_Exercise details_
The material below holds pictures; leave them out and reproduce exactly the lines from the one with "Artistic Room With" through the one with "Carnet Fournitures de", inclusive.

_Provided information_
——

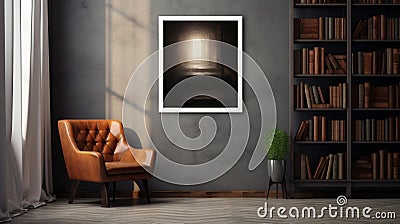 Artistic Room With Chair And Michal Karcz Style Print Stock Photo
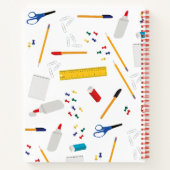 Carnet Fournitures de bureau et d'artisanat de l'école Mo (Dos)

——

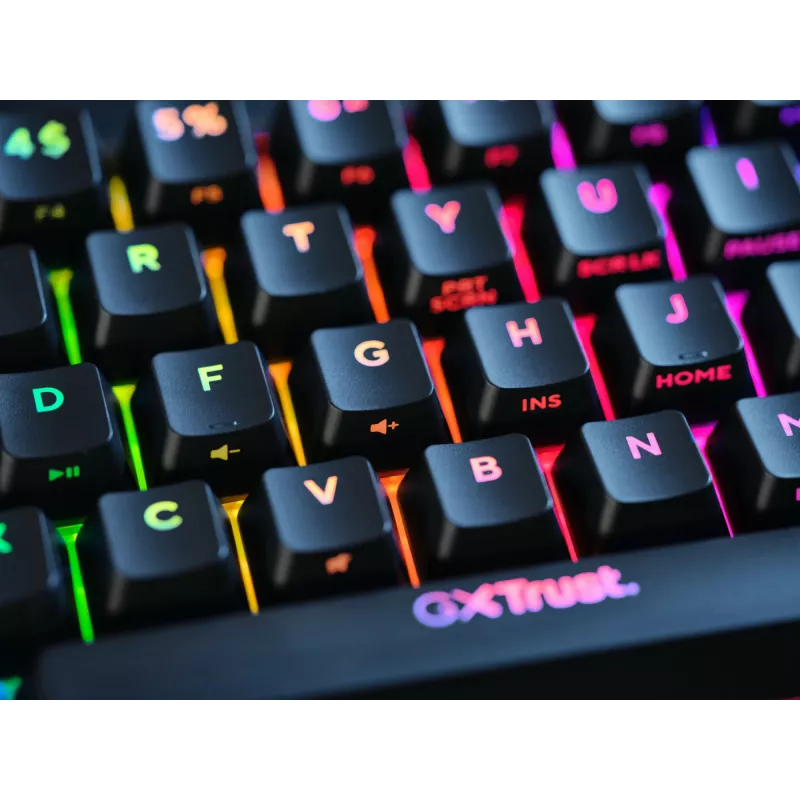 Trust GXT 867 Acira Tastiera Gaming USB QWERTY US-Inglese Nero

——

_Your solution_
 Artistic Room With Chair And Michal Karcz Style Print Stock Photo
 Carnet Fournitures de bureau et d'artisanat de l'école Mo (Dos)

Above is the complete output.